Слишком бережное отношение к своему здоровью — своего рода болезнь, и очень неприятная.
Ларошфуко
Сара сидела в саду и наблюдала за лягушкой, которая вылезла на тропинку. Саре очень хотелось знать, предсказывает ли это маленькое животное перемену погоды или просто изучает природу, нисколько не претендуя на звание пророка. Гак ушла зачем-то в деревню в сопровождении Вильяма, который никогда не упускал случая обогатить свой ум новыми впечатлениями.
Одиночество Сары нарушил мальчик-слуга, сообщивший ей, что г-н Гиз ожидает графиню в гостиной.
Исполнив свое поручение, он удалился, весело насвистывая и спугнув по дороге ту самую лягушку, которая только что привлекала внимание Сары.

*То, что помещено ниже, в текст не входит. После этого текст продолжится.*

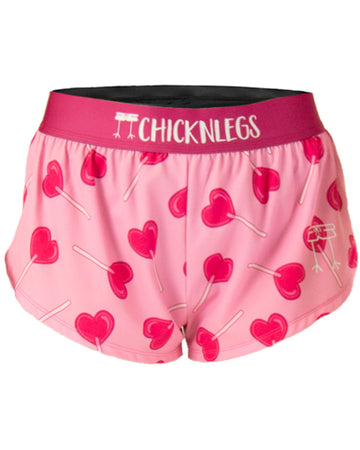 These are from Chicknlegs in the women's 1.5 in split running shorts in the LuvPop design, as a ghost image. The print has pink heart lolipops on it on a pink background.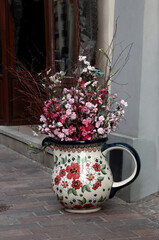 big ceramic mug and posy of colorful plastic flowers as decoration about shop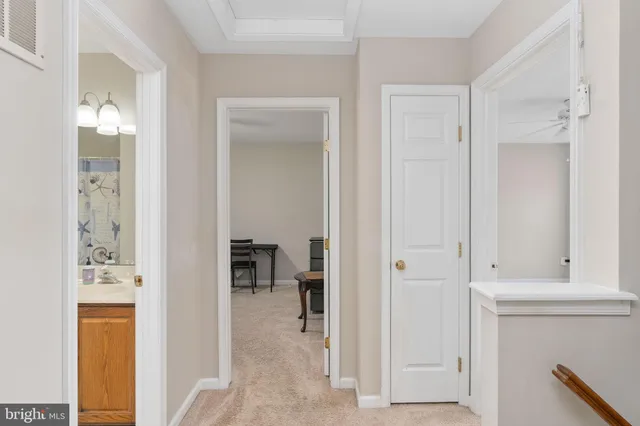 a bathroom with a granite countertop sink a toilet and a mirror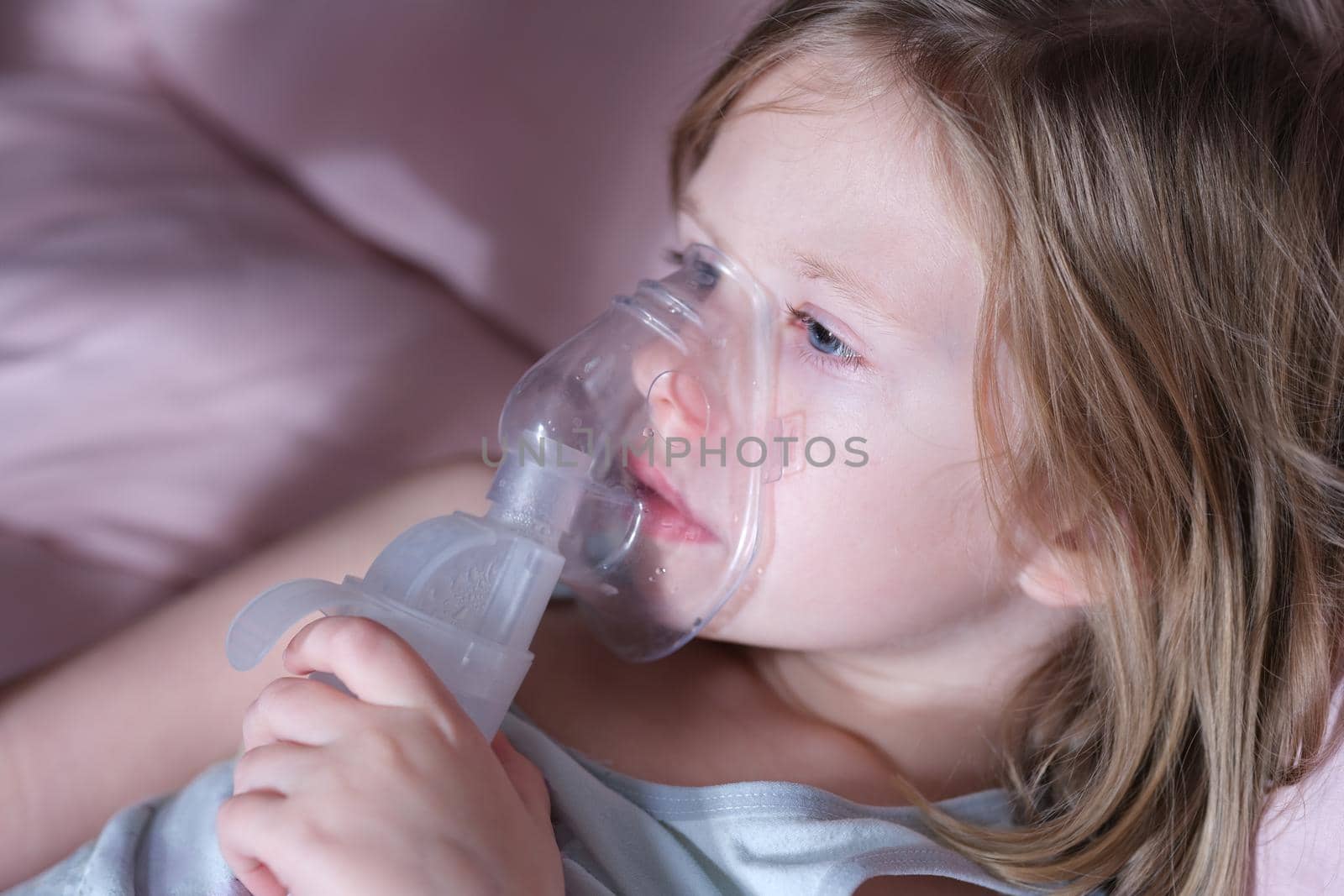 Portrait of sick little child in medical oxygen mask lying in bed. Labored breathing and lack of oxygen or inhalation concept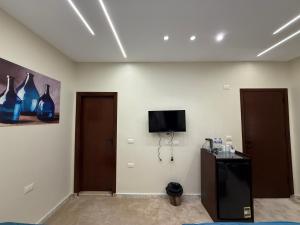 TV a/nebo společenská místnost v ubytování Alba pyramids view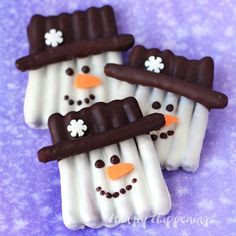 three marshmallow snowmen are decorated with chocolate and white icing on a purple background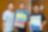 Students with special educational needs and volunteer took photo with paintings.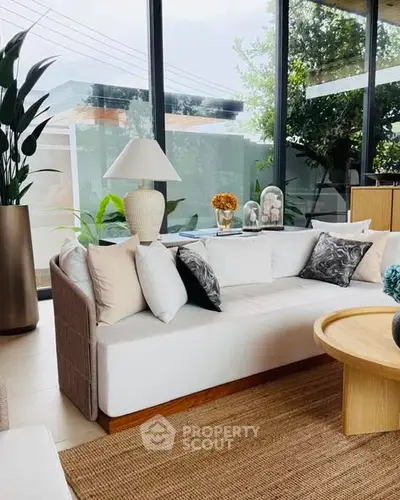 Modern living room with large windows, stylish sofa, and elegant decor in a bright, airy space.
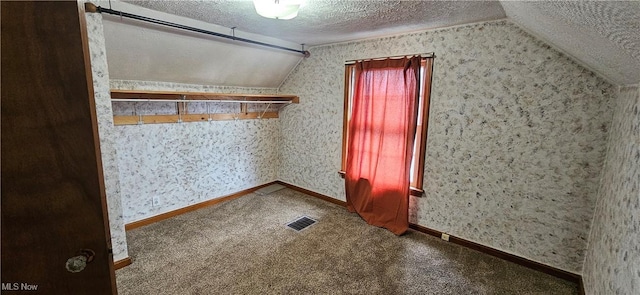 additional living space with wallpapered walls, visible vents, lofted ceiling, a textured ceiling, and carpet floors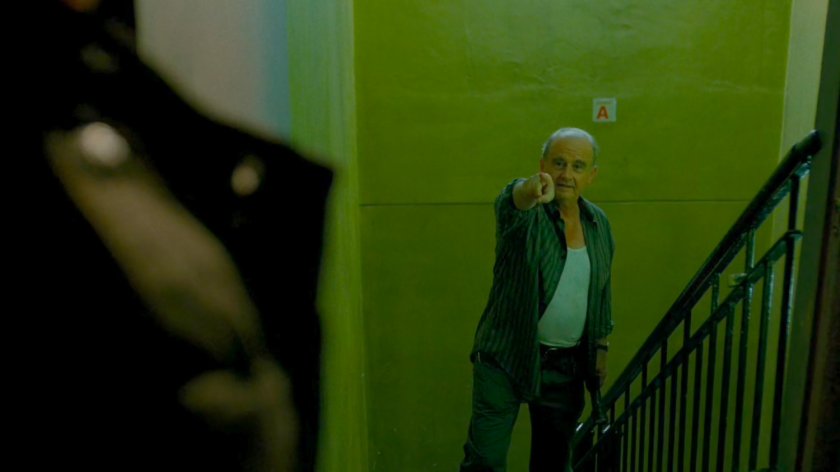 Jerry pointing at Frank Castle in stairway of building.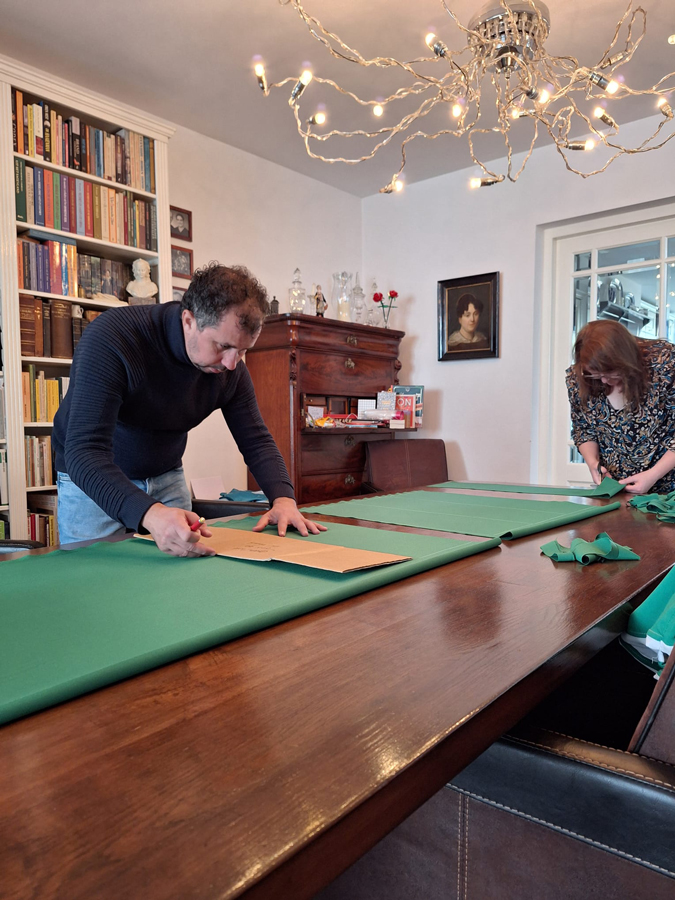 Man knipt groene stof voor de vlag van Princenhage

Его свист давно замер в отдалении, испуганное земноводное перестало дрожать, а Сара все еще не могла прийти в себя от неожиданности.
Она думала и о нарушенных правах лягушки, и о мотиве, который насвистывал мальчик, — вообще о чем угодно, мысли путались у нее в голове.
Наконец, она очнулась: Жюльен приехал, он ждет ее в гостиной, в гостиной, где она только что сидела и даже оставила свое вышивание…
Как сумасшедшая бросилась она к замку, быстро взбежала по старым каменным ступеням, миновала мраморный вестибюль с кадками вечнозеленых растений и очутилась, наконец, на своей половине.
— Жюльен! Жюльен! Жюльен! Он здесь, он приехал за нею!
Она распахнула двери: губы ее дрожали, сердце трепетно билось в груди, глаза горели любовью.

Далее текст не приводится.